━━━━━ SUPPLIED DATA ━━━━━

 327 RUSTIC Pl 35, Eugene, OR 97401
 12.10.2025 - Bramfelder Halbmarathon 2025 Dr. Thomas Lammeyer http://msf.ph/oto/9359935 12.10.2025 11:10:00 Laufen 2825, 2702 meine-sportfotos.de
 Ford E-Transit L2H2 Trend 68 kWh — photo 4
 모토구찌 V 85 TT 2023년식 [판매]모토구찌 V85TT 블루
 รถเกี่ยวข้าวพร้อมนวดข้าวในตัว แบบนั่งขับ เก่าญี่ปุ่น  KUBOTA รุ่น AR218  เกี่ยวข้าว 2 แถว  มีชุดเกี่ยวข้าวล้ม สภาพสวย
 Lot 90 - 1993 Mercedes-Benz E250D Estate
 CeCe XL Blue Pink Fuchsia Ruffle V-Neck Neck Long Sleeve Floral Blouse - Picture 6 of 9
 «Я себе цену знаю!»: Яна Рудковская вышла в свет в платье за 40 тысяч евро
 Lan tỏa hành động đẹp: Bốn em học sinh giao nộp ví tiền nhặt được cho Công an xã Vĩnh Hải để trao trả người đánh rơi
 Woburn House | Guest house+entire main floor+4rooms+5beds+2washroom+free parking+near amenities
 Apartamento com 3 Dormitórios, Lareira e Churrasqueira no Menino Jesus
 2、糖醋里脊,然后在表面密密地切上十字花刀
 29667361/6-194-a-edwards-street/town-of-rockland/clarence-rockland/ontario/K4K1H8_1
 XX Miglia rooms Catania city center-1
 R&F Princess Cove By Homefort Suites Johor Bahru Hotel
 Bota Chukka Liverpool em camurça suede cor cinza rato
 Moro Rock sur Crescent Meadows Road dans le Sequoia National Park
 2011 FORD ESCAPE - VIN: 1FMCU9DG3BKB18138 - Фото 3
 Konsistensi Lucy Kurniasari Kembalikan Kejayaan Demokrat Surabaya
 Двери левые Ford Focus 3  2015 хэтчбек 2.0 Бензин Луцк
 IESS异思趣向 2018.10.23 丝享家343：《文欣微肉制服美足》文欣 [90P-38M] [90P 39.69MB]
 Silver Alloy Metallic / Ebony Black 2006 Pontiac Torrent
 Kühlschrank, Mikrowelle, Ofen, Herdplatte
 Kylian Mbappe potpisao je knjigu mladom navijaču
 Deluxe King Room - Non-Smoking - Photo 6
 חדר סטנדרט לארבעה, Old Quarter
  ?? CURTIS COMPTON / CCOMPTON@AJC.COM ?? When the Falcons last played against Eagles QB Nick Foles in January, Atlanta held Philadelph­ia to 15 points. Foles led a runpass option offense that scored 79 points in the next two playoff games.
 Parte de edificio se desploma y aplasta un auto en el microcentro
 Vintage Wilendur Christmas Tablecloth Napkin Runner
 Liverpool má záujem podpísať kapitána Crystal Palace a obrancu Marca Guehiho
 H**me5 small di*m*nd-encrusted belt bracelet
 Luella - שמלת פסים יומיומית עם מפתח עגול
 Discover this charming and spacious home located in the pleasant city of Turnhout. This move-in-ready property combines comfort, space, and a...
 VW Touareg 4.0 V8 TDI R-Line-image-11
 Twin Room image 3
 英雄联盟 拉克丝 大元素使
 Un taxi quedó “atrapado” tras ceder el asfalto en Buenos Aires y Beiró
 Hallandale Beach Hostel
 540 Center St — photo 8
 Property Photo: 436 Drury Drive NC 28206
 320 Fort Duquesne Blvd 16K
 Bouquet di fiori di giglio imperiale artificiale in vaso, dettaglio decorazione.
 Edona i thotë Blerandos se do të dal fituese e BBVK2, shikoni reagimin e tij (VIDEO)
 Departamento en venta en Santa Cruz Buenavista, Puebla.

━━━━━

> [ASSIGNED TASK] In the material above, find each line that has the string "Liverpool" and return it.

> [TASK OUTPUT]
 Bota Chukka Liverpool em camurça suede cor cinza rato
 Liverpool má záujem podpísať kapitána Crystal Palace a obrancu Marca Guehiho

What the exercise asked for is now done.